··· Data for processing

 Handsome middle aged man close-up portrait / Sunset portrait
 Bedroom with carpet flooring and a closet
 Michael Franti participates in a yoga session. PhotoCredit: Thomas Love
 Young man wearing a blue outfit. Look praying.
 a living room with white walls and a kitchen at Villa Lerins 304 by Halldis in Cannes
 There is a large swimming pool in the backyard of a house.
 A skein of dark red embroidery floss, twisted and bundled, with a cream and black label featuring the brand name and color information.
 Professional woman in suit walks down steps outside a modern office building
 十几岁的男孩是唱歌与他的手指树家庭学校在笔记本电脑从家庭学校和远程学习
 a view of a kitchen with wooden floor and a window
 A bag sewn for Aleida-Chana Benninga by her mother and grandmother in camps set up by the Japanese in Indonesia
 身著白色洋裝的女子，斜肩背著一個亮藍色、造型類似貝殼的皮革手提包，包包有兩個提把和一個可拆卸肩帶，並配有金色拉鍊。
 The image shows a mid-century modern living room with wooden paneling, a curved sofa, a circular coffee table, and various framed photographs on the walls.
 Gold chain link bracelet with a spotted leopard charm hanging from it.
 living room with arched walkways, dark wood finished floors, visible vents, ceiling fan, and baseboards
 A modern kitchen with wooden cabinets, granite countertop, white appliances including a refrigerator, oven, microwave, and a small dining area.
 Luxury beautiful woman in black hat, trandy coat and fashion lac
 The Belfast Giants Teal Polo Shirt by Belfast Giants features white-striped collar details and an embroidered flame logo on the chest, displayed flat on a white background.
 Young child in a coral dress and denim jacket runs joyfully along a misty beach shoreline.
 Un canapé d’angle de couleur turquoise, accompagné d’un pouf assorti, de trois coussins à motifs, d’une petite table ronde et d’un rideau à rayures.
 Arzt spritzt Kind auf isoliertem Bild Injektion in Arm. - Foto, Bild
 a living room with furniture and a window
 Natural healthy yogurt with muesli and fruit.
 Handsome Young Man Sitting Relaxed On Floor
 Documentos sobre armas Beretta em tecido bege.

······

Work instructions
Using the entries above, restate word for word every line from the one that contains "Luxury beautiful woman" through the last.

Result of this exercise
 Luxury beautiful woman in black hat, trandy coat and fashion lac
 The Belfast Giants Teal Polo Shirt by Belfast Giants features white-striped collar details and an embroidered flame logo on the chest, displayed flat on a white background.
 Young child in a coral dress and denim jacket runs joyfully along a misty beach shoreline.
 Un canapé d’angle de couleur turquoise, accompagné d’un pouf assorti, de trois coussins à motifs, d’une petite table ronde et d’un rideau à rayures.
 Arzt spritzt Kind auf isoliertem Bild Injektion in Arm. - Foto, Bild
 a living room with furniture and a window
 Natural healthy yogurt with muesli and fruit.
 Handsome Young Man Sitting Relaxed On Floor
 Documentos sobre armas Beretta em tecido bege.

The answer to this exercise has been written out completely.